NCBA Group PLC has posted a profit after tax of KES 9.3 billion in its H1 results ending June 30th 2023, which is a 20.3 per cent increase compared to KES 7.8 billion reported during a similar period last year.
The Group registered a profit before tax of KES 12.4 billion representing 11 per cent growth up from KES 11.2 billion in H1 2022.
Key Highlights
- Assets grew to KES 660 billion, 9 per cent up year on year
- Customer deposits closed at KES 517 billion, 10 per cent up year on year
- NCBA Group disbursed KES 457 billion in digital loans, 35 per cent increase year on year
- Operating income of KES 31.0 billion, 7 per cent up year on year
- Provision for credit losses was KES 4.4 billion, 21 per cent down year on year
- Profit before tax of KES 12.4 billion, 11 per cent up year on year
- Profit after tax of KES 9.3 billion, 20.3 per cent up year on year
The underlying growth trends in bottom line profitability remained solid compared to 2022 driven by an increase in operating income and a decline in loan impairment charges by 21 per cent. The Group’s operating expenses were however elevated 24.0 per cent year on year on the back of inflationary pressures and continued investment in the current 5 year strategy which comes to a close in 2024.
While releasing the half year financial results, NCBA Group Managing Director,John Gachora commented, “These strong operating results are attributable to consistent focus on our strategic priorities.”
The Group`s strong performance enabled the Board of Directors to recommend an interim dividend declaration of KES 1.75 per share.
NCBA’s strategic priorities remain unchanged as the Group heads into the second half of the year:Become a distinguished brand known for customer experience, scale retail banking to expand distribution, deepen leadership in corporate banking and asset finance, drive digital transformation and develop a high performance culture.
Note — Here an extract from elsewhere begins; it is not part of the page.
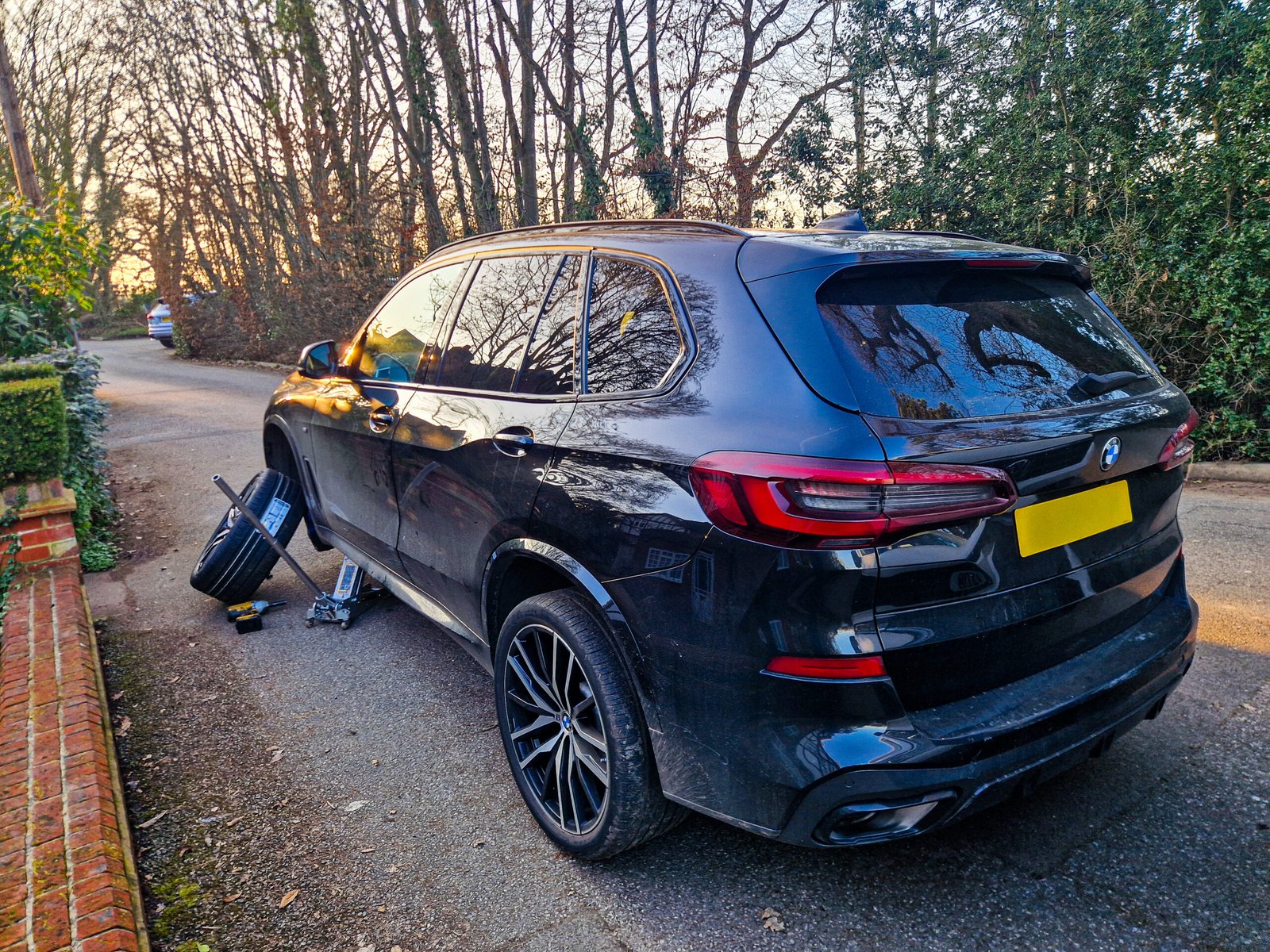 Why Tyres Lose Pressure and What to Do Next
The Group`s first half of the year performance was significantly buoyed by the contributions of the regional subsidiaries (Tanzania, Rwanda and Uganda) which collectively delivered a profit before tax of KES 1.4 billion (this was a notable improvement from the loss of KES 178 million posted in H1 2022).This change in outcomes was a result of the Group’s turnaround strategy which led to a recalibration of the business models in these markets and a right-sizing of the operating models.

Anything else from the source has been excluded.